A temporary injunction issued by U.S. District Judge Robert Pitman poses as one of the first applications of the February 2015 U.S. Supreme Court decision, North Carolina State Board of Dental Examiners v. Federal Trade Commission. In granting the preliminary injunction, Judge Pittman provided an early victory for Dallas-based Teladoc, a company that connects patients and doctors over the telephone and internet, in its anti-trust lawsuit against the Texas Medical Board, which licenses and regulates physicians.
The medical board adopted a new rule earlier this year that would prevent doctors from treating people over the phone — making a diagnosis or prescribing medicine — unless another medical professional was physically present to examine the patient. The rule, which could jeopardize Teladoc’s business model, has the support of the Texas Medical Association, a lobby group for “brick and mortar” physicians who say it would improve patient safety. The rule was scheduled to take effect June 3, 2015.
But Pitman’s ruling effectively told the medical board to hold its horses until the lawsuit is resolved. He said Texas’ physician shortage, particularly in rural areas, lent credence to Teladoc’s argument that the board was behaving anti-competitively.
In February 2015, the Supreme Court decided North Carolina State Board of Dental Examiners v. Federal Trade Commission, a case involving “cease and desist letters” sent to non-dentist teeth whitening businesses. By a 6-3 vote, the Court subjected professional licensing boards with a majority of members from the regulated profession to antitrust lawsuits unless they are “actively supervised” by the state itself.
Here, the medical board sought a more favorable review standard because it included “members of a learned profession.” The Court rejected that approach, by citing National Society of Professional Engineers v.
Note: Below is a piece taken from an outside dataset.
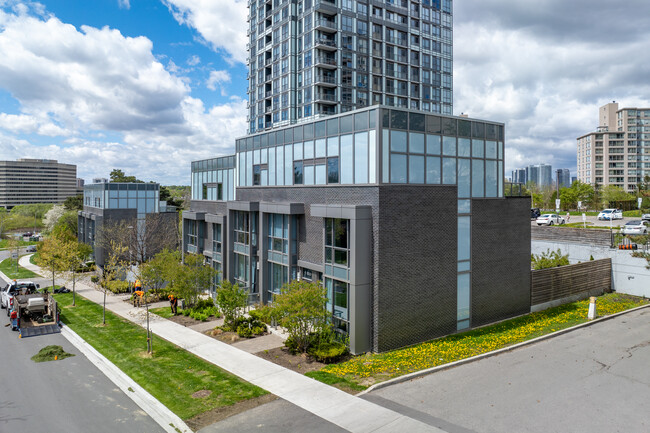 18A Graydon Hall Dr in Toronto, ON - Building Photo - Building Photo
United States and pointing out that “the Supreme Court explicitly rejected the notion that improved public safety was a sufficient justification for a society of professionals to adopt an anti-competitive policy.”
Remember, whenever a state board of professionals wants to exclude competition, it will always cite public health and safety, or consumer protection, in support of their anticompetitive actions. To its credit, the Court here didn’t fall for it.
Rather, the court made it simple: if a group of competitors excludes another class of competitors, the question of whether competition is harmed turns on whether the excluded class offers competitive benefits to the market.